▸ EXTRACTED DATA:
== Segment start ==

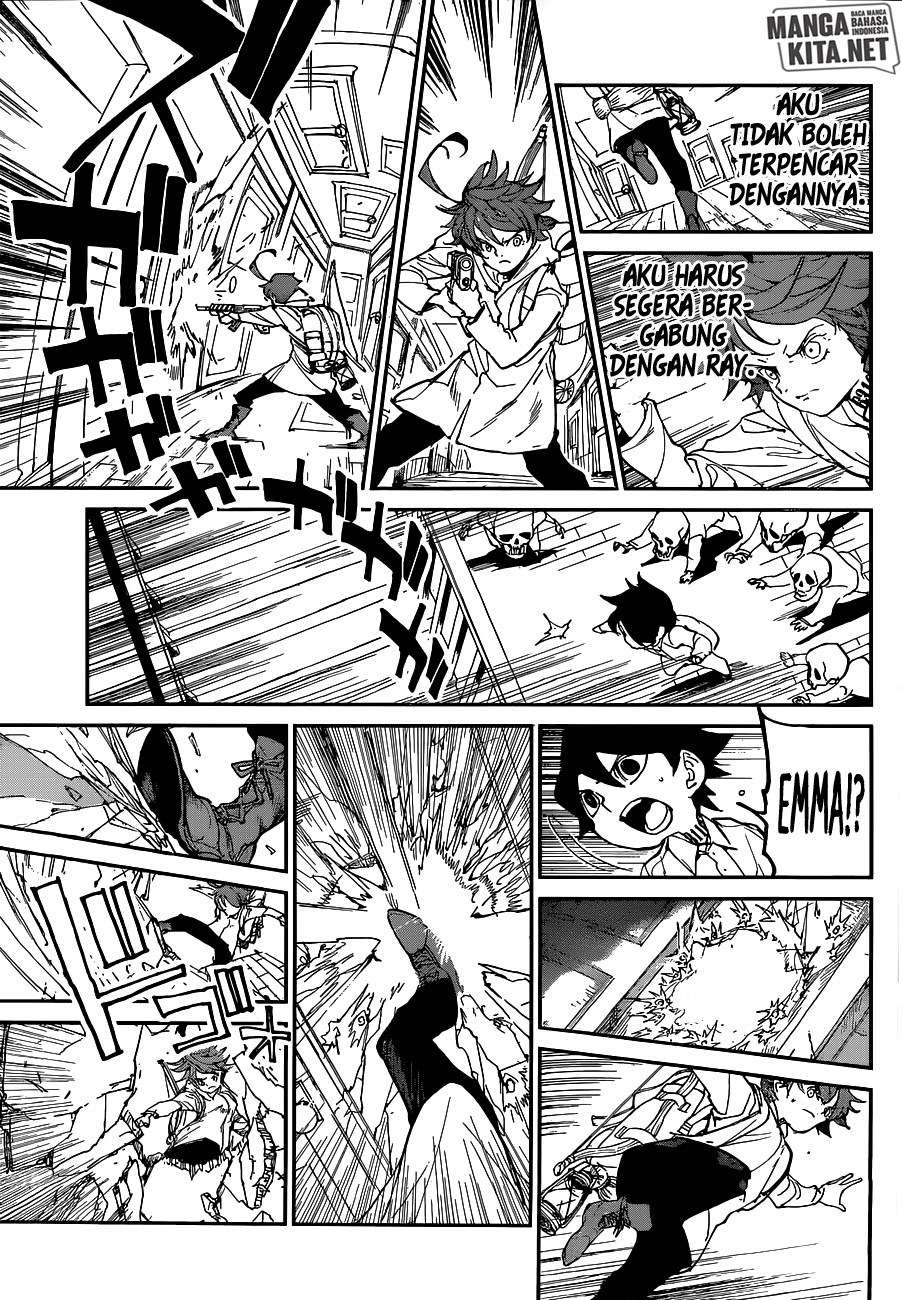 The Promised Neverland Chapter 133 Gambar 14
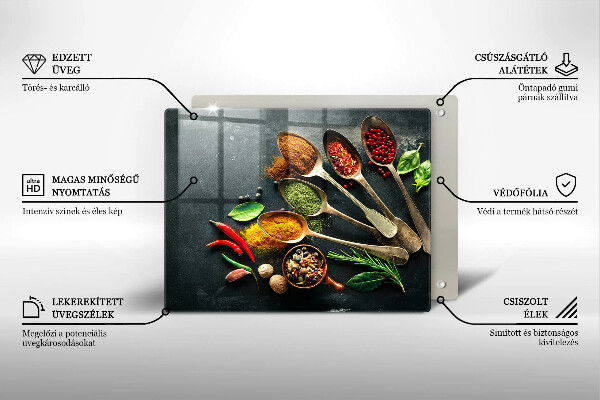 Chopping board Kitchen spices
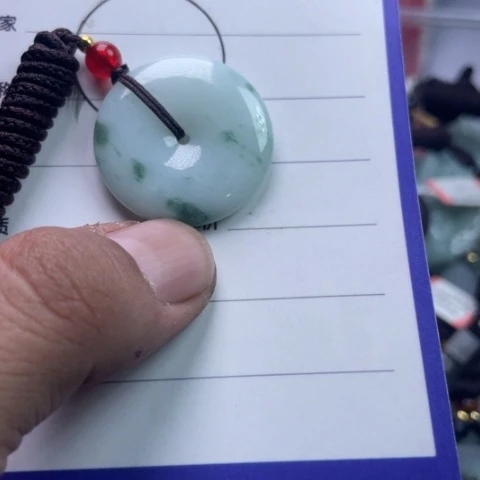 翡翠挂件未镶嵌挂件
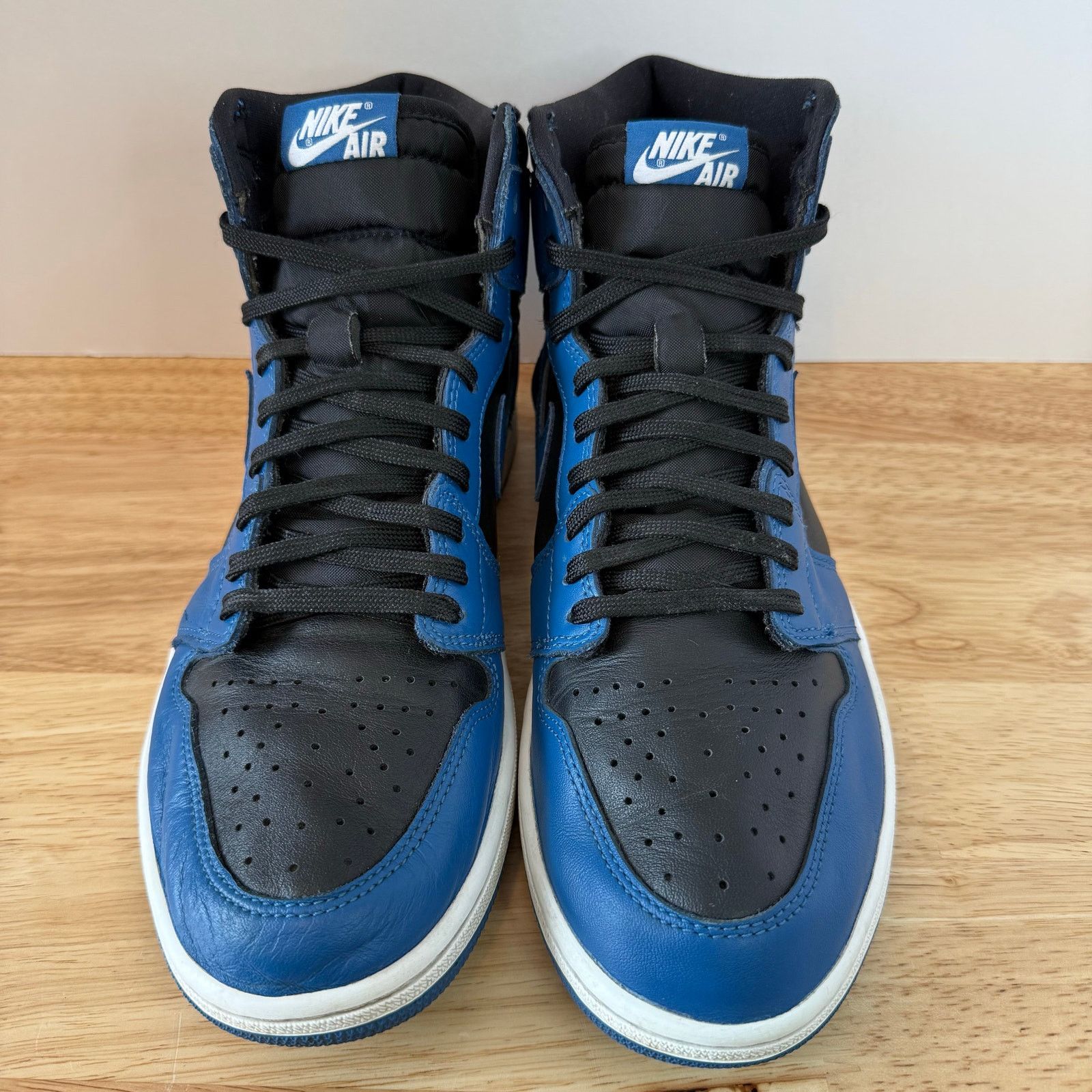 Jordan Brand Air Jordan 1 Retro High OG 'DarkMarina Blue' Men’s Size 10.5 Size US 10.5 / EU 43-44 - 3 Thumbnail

== Segment end ==
== Segment start ==

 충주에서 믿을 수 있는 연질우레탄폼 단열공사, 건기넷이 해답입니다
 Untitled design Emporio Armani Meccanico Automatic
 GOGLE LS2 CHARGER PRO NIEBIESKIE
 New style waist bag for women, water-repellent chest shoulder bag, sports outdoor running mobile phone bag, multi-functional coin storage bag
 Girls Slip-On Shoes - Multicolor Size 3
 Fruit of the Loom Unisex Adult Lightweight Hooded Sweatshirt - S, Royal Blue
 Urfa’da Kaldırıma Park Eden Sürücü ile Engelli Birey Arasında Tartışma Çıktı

== Segment end ==
== Segment start ==

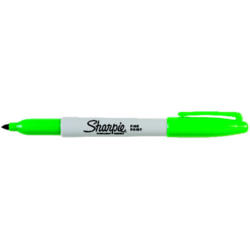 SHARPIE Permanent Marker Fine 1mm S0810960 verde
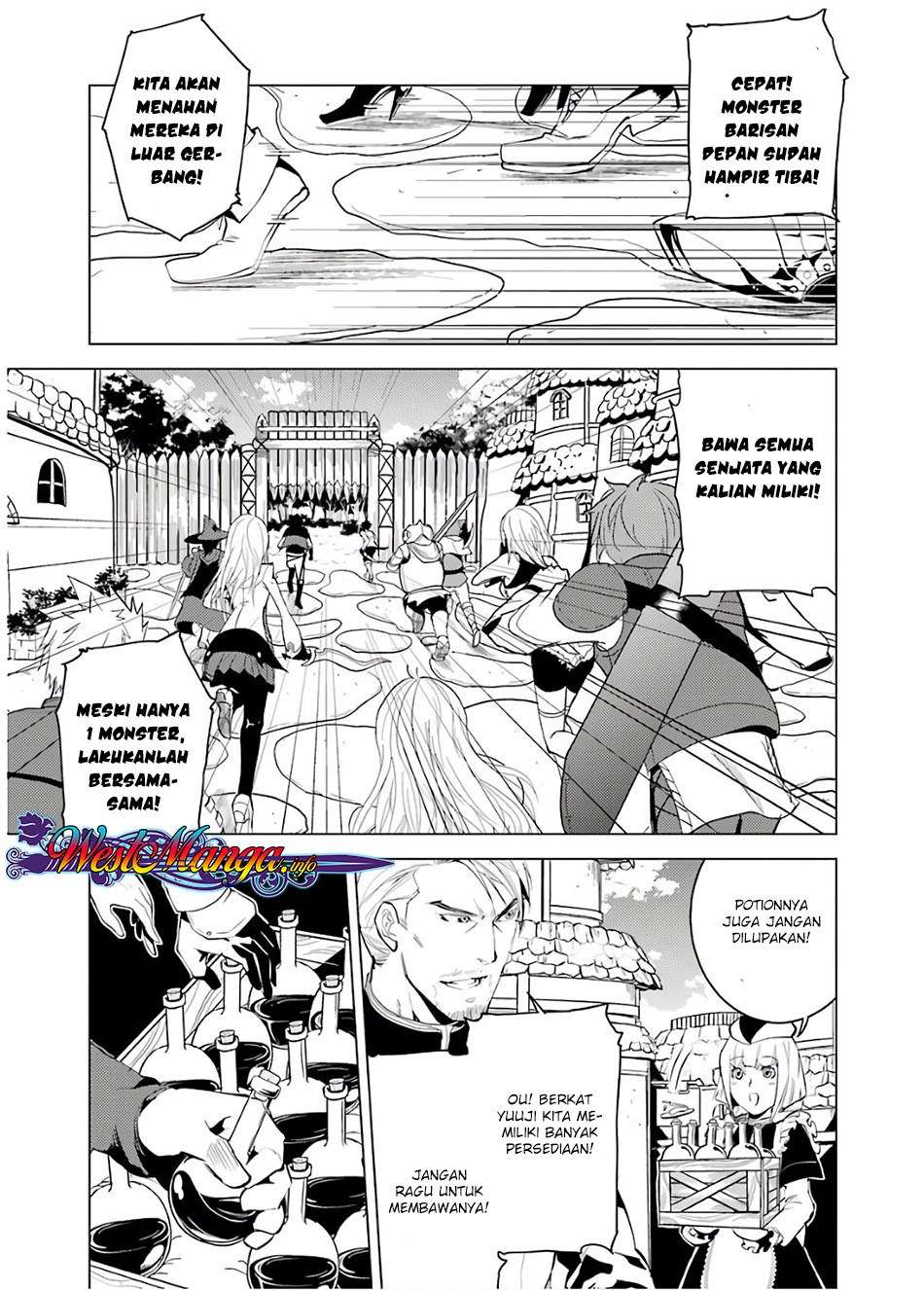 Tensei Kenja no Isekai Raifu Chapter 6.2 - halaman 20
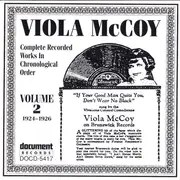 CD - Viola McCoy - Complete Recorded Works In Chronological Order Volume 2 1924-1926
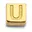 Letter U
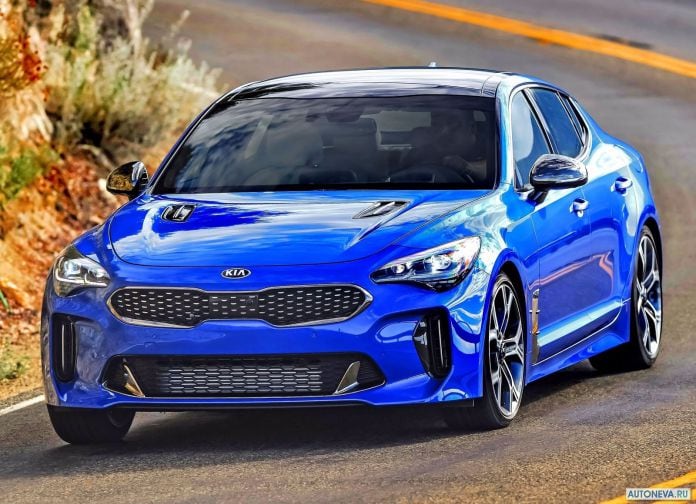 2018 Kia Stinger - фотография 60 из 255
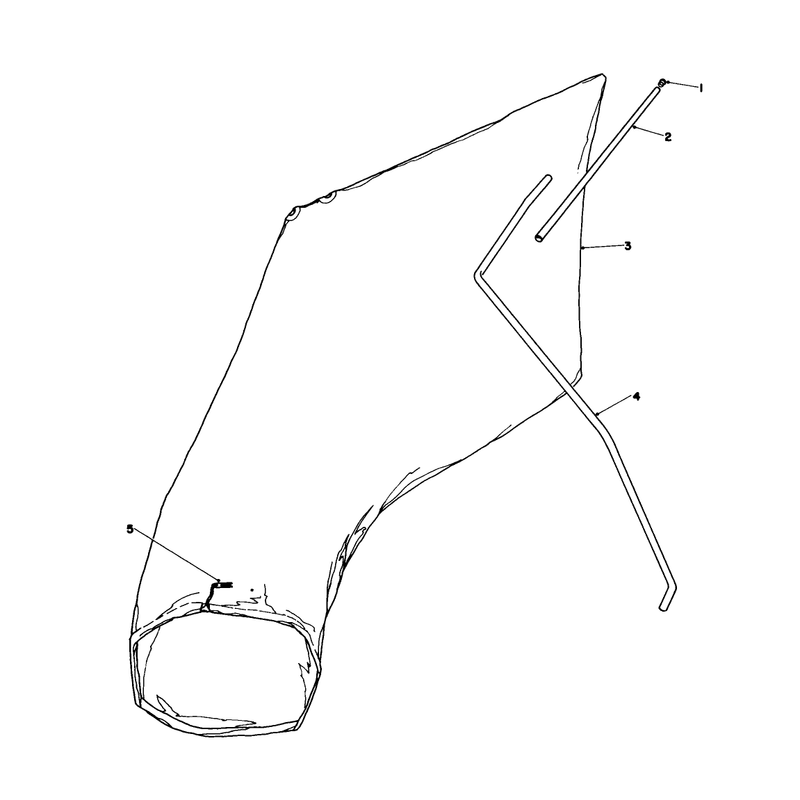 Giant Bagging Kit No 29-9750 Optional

== Segment end ==

Exercise for the records above: copy only the lines from the one with "The Promised Neverland Chapter 133 Gambar 14" to the one with "Jordan Brand Air", both ends kept, and drop the pictures.

 The Promised Neverland Chapter 133 Gambar 14
 Chopping board Kitchen spices
 翡翠挂件未镶嵌挂件
 Jordan Brand Air Jordan 1 Retro High OG 'DarkMarina Blue' Men’s Size 10.5 Size US 10.5 / EU 43-44 - 3 Thumbnail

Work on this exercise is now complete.